Roy Hill mine finance deals near completion

The $7 billion debt package needed to give Gina Rinehart’s Roy Hill mine the final green light may be finalised by the end of the month.

According to a joint venture partner of the project, Japanese company Marubeni, three banks are on the brink of announcing finance packages.

Marubeni chief financial officer Yukihiko Matsumura said the finance deal could be signed ''as early as this month'', Bloomberg reported.

Matsumura said three of Japans “megabanks” would take part in the deal.

''It's true we are making good progress with financing but I won't be drawn on deadlines. We have in-principle agreement to key terms but there is still a lot of documentation to work through,'' Roy Hill spokesman Darryl Hockey said.

The news comes as the project continues to seek loans and finance agreements from major partners as it tries to raise $4 billion in funding from export credit agencies and an additional $3 billion from commercial banks.

In November Korean steel manufacturer POSCO announced it will offer up its 12.5 per cent share in Roy Hill Holdings as collateral for the massive Pilbara iron project in a deal worth 1.49 trillion won ($1.4 billion).

While in December the Korea Export-Import Bank agreed to offer up $1.12 billion for the mine’s development.

The US government owned Export-Import Bank also gave approval for $US694m ($737m) in financing for the project.

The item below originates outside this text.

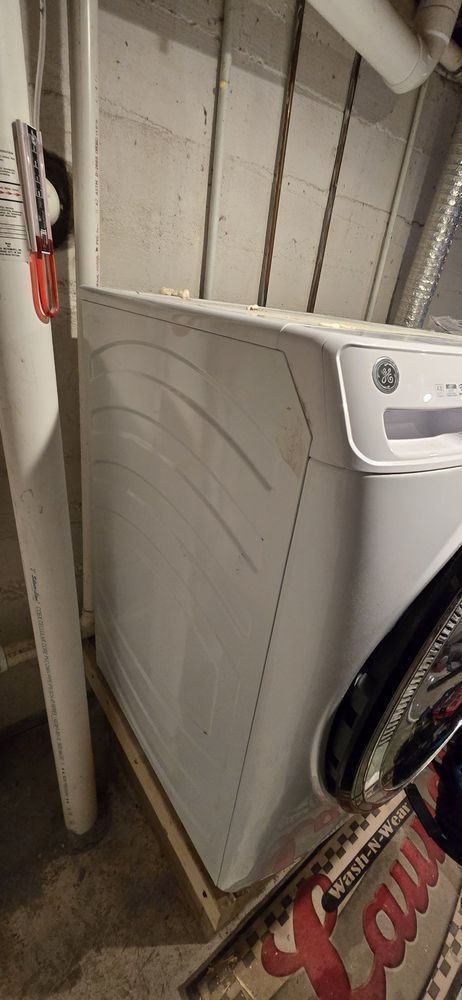 A white washer and dryer are sitting in a basement.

It is estimated 1700 people are now working at the project as the next phase of construction ramps up ahead of the finalisation of finance deals.

The Roy Hill project has awarded $3 billion worth of contracts for the development of the mine as it pushes to commence production in September 2015.

The project includes a new 55 million tonne per annum iron ore mine, 344 kilometres of railway and a new port at Port Hedland.

Roy Hill Holdings is 70 per cent-owned by Rinehart's Hancock Prospecting. Selling off 30 per cent of the project last year, the remainder is now owned by South Korea's Posco, Japan's Marubeni and Taiwan's China Steel Corporation.